Comment 11 Nate Graham 2021-08-02 14:45:55 UTC
*** Bug 439487 has been marked as a duplicate of this bug. ***
Comment 12 Nate Graham 2021-08-02 14:46:16 UTC
*** Bug 439569 has been marked as a duplicate of this bug. ***
Comment 13 Harald Sitter 2021-08-04 14:32:18 UTC
Yes a rework of the system as a whole. I started but got bogged down on it being a super invasive.

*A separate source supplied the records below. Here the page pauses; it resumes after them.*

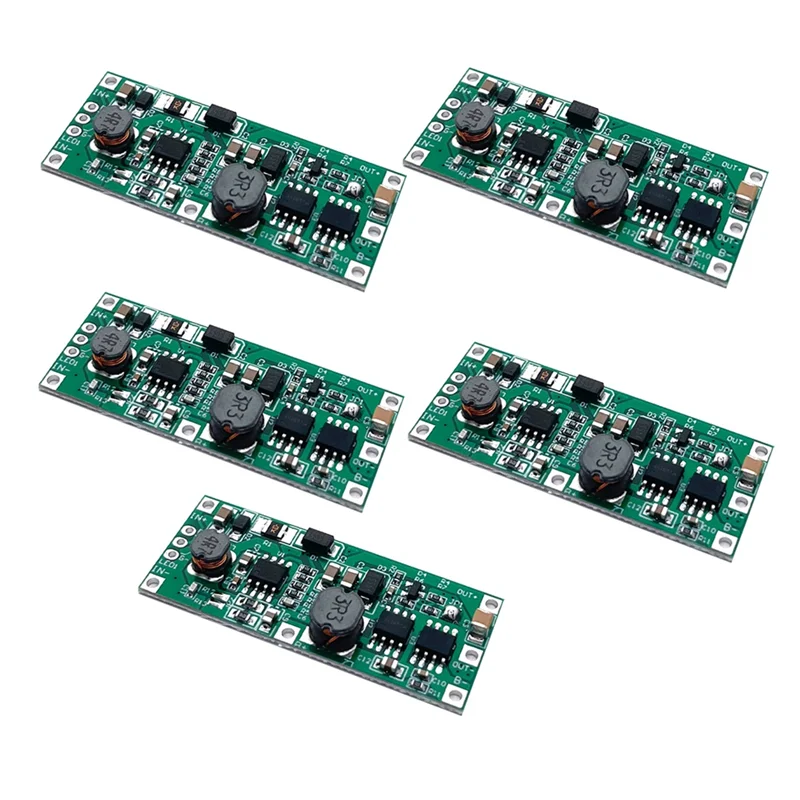 DC 9V Charging Module For 18650 Lithium Battery UPS Voltage Converter Protection 5PCS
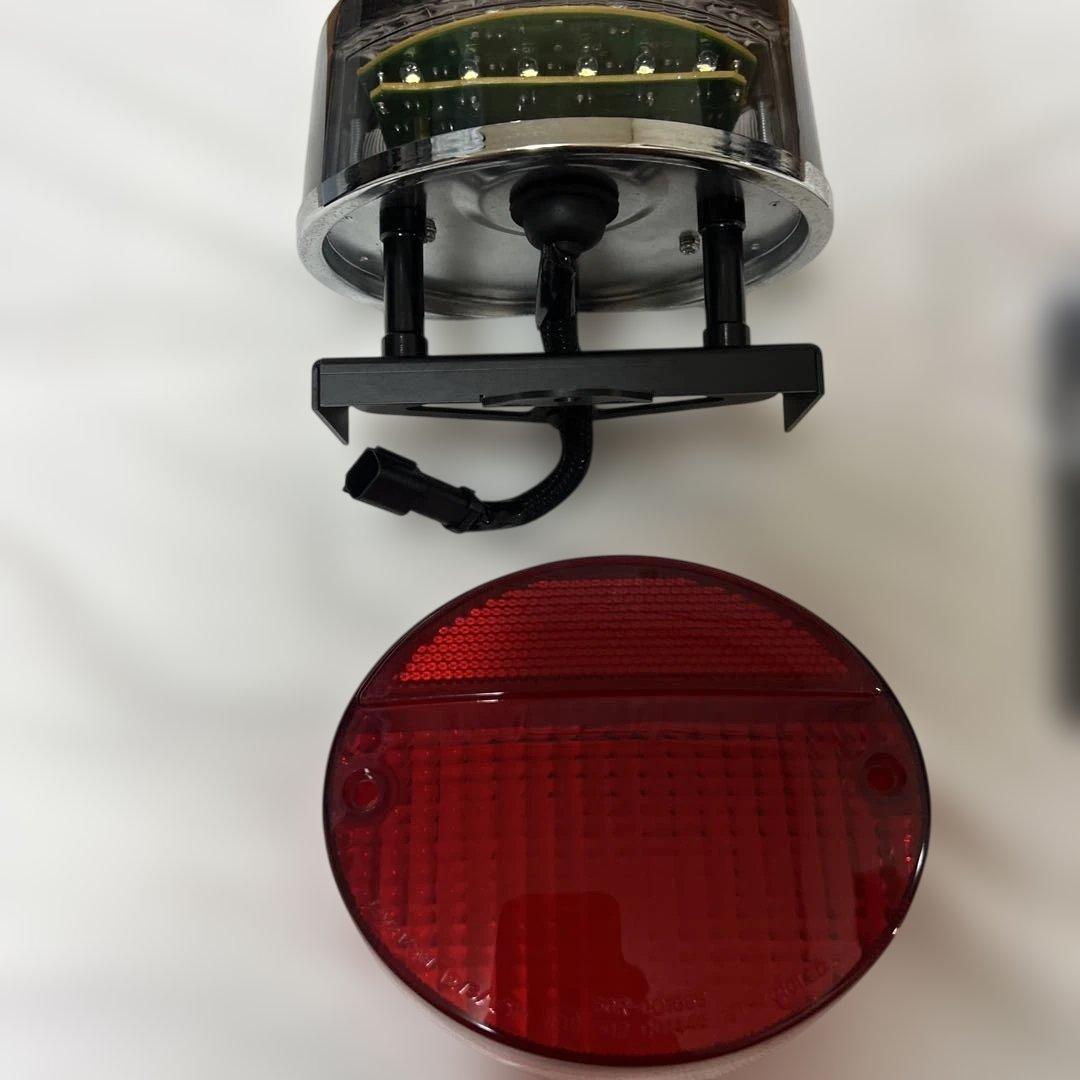 Z2タイプテールランプセット《 Z900RSスライトリアフェンダー専用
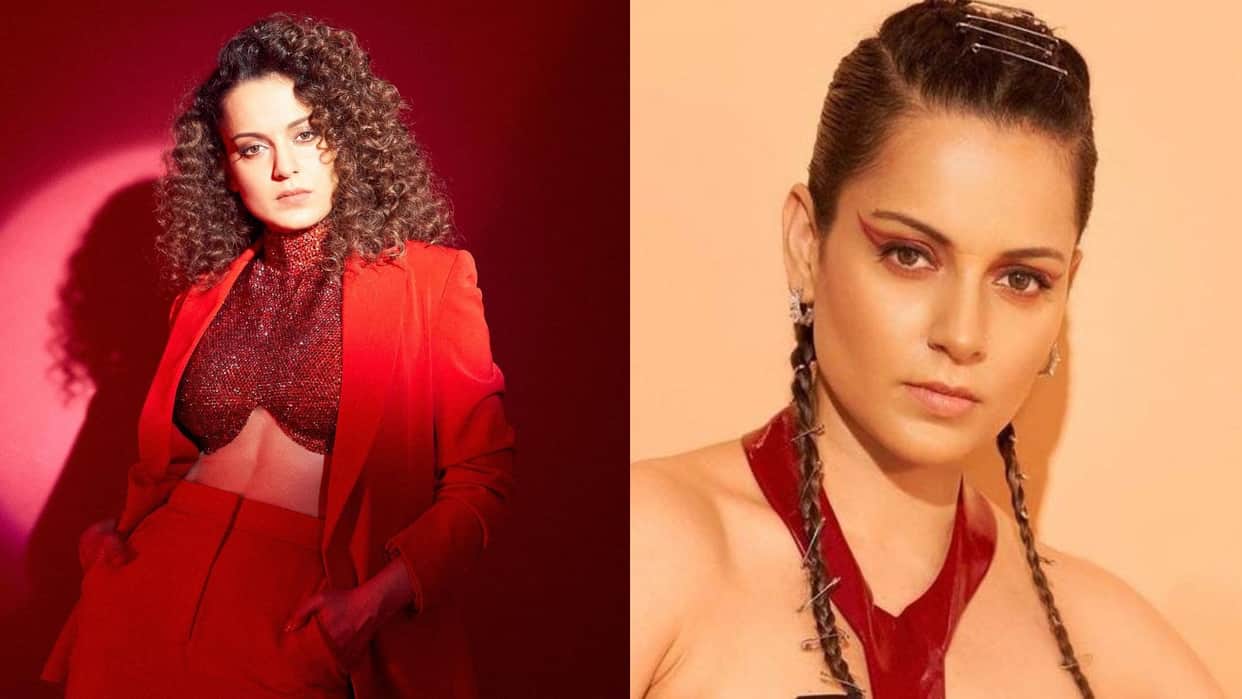 After Dhaakad Kangana reminisces the success of Thalaivi Manikarnika and Lockupp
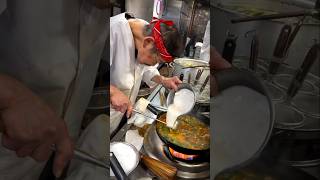 Old People Work In Restaurants In Japan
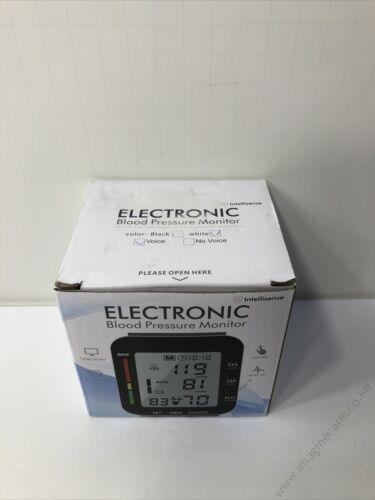 Intellisense Electronic Blood Pressure Monitor - Image 4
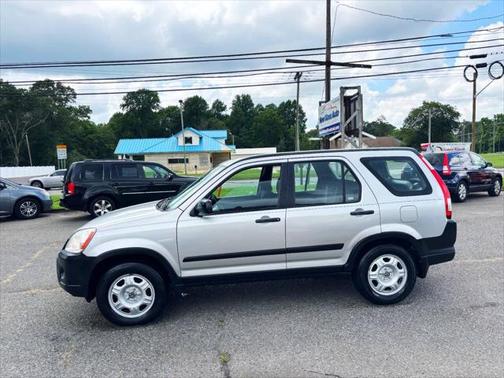 2006 Honda CR-V LX
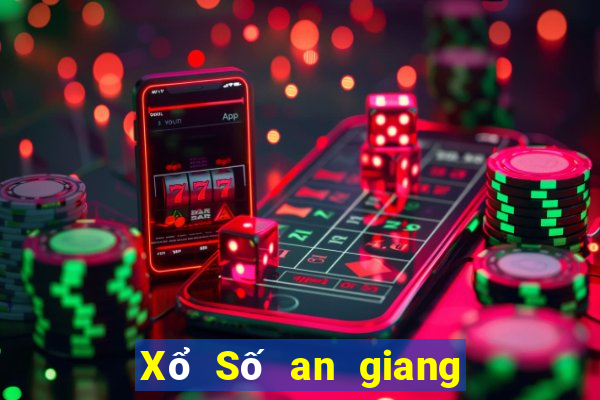 Xổ Số an giang Thống kê Xổ Số Chủ Nhật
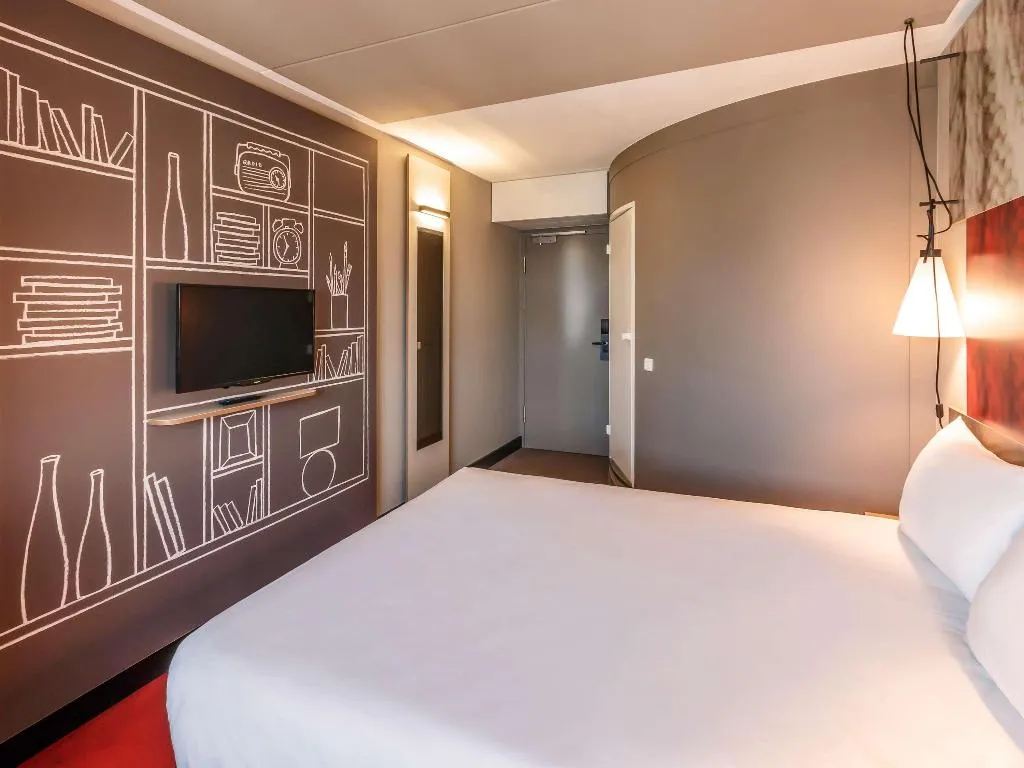 DOUBLE CAPACITY 2 Room, Ibis Amsterdam City West, Amsterdam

There is also the question if we really should warn on this stuff by default. From the bug reports I've seen there is about twice as much evidence of notifications leading to false positives than not notifying leading to false negatives. And that is also why I've seen none of our end users able to deal with the notification. Unless you know how SMART works and how disk damage **may** manifest you have zero chance of making heads or tales of the soft warnings - even if we actually dumped the raw smartctl output in the UI. This entire feature continues to irk me greatly as it runs counter to the original design goal. If we can't tell the user "yo, change the disk" with reasonable certainty we really should just tell them nothing me thinks.